Compound in Mediterranean diet aids cancer cell death
Washington: A compound abundant in the Mediterranean diet re-educates cancer cells into becoming normal cells that die as scheduled, a new study has found.
Ohio State University researchers found that the compound in certain plant-based foods, called apigenin, could stop breast cancer cells from inhibiting their own death.
Parsley, celery and chamomile tea are the most common sources of apigenin, but it is also found in many fruits and vegetables.
The researchers found that apigenin binds with an estimated 160 proteins in the human body, suggesting that other nutrients linked to health benefits - called "nutraceuticals" - might have similar far-reaching effects.
In contrast, most pharmaceutical drugs target a single molecule.
"In its relationship with a set of specific proteins, apigenin re-establishes the normal profile in cancer cells. We think this can have great value clinically as a potential cancer-prevention strategy," said Andrea Doseff, associate professor of internal medicine and molecular genetics at Ohio State and a co-lead author of the study.
Through additional experimentation, the team established that apigenin had relationships with proteins that have three specific functions. Among the most important was a protein called hnRNPA2.
This protein influences the activity of messenger RNA, or mRNA, which contains the instructions needed to produce a specific protein.
The production of mRNA results from the splicing, or modification, of RNA that occurs as part of gene activation. The nature of the splice ultimately influences which protein instructions the mRNA contains.

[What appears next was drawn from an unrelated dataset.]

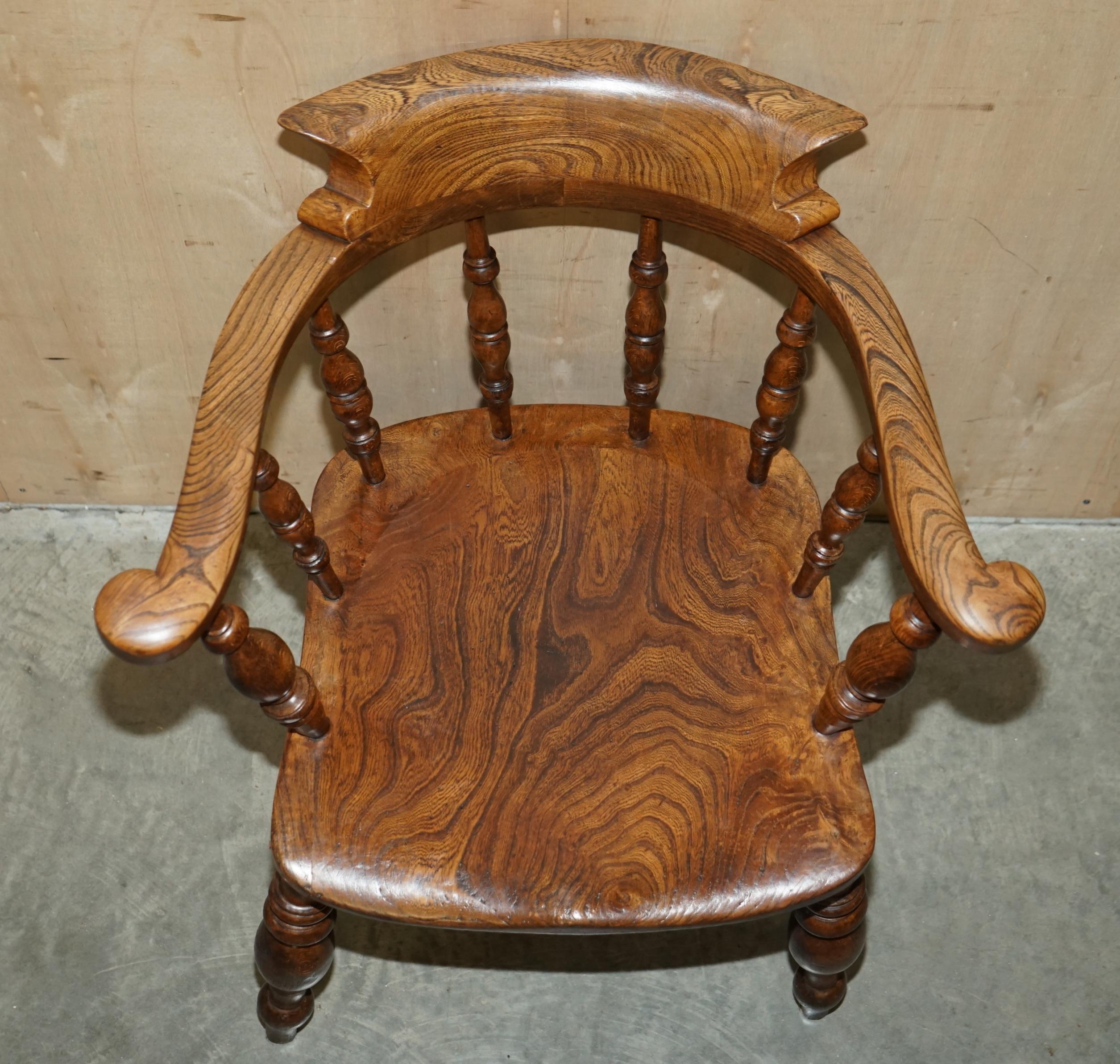 Stunning Patina Antique Edwardian Sold Elm Bow Back Smokers Captains Armchair For Sale 6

Doseff noted that abnormal splicing is the culprit in an estimated 80 per cent of all cancers. In cancer cells, two types of splicing occur when only one would take place in a normal cell - a trick on the cancer cells` part to keep them alive and reproducing.
In this study, the researchers observed that apigenin`s connection to the hnRNPA2 protein restored this single-splice characteristic to breast cancer cells, suggesting that when splicing is normal, cells die in a programmed way, or become more sensitive to chemotherapeutic drugs.
"So by applying this nutrient, we can activate that killing machinery. The nutrient eliminated the splicing form that inhibited cell death," said Doseff, also an investigator in Ohio State`s Davis Heart and Lung Research Institute.
"Thus, this suggests that when we eat healthfully, we are actually promoting more normal splice forms inside the cells in our bodies," Doseff said.
Doseff is leading a study in mice, testing whether food modified to contain proper doses of this nutrient can change splicing forms in the animals` cells and produce an anti-cancer effect.
The research was published in the journal Proceedings of the National Academy of Sciences.